Segment Start: RECORD EXTRACTS
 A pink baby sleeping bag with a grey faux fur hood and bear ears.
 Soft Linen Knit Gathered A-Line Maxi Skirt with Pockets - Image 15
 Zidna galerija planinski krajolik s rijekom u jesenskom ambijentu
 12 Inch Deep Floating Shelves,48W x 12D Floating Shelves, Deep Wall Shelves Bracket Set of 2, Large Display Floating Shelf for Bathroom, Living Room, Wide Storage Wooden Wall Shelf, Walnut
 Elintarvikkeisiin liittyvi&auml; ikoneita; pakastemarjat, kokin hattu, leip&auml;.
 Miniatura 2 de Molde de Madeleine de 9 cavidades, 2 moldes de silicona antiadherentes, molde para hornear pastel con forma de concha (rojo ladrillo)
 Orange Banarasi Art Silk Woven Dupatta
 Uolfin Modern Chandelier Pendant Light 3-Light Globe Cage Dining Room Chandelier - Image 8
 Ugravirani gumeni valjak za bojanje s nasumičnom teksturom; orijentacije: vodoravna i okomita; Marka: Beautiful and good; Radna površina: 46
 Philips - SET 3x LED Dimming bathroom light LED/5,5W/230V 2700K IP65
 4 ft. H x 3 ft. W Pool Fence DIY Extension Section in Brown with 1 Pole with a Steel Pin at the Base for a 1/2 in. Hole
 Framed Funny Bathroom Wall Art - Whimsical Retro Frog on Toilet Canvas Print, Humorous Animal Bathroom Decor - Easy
Segment End: RECORD EXTRACTS
YOUR ASSIGNMENT -
Respond with nothing but the number of lines in the entries that contain the string "Wall".

ANSWER SECTION -
2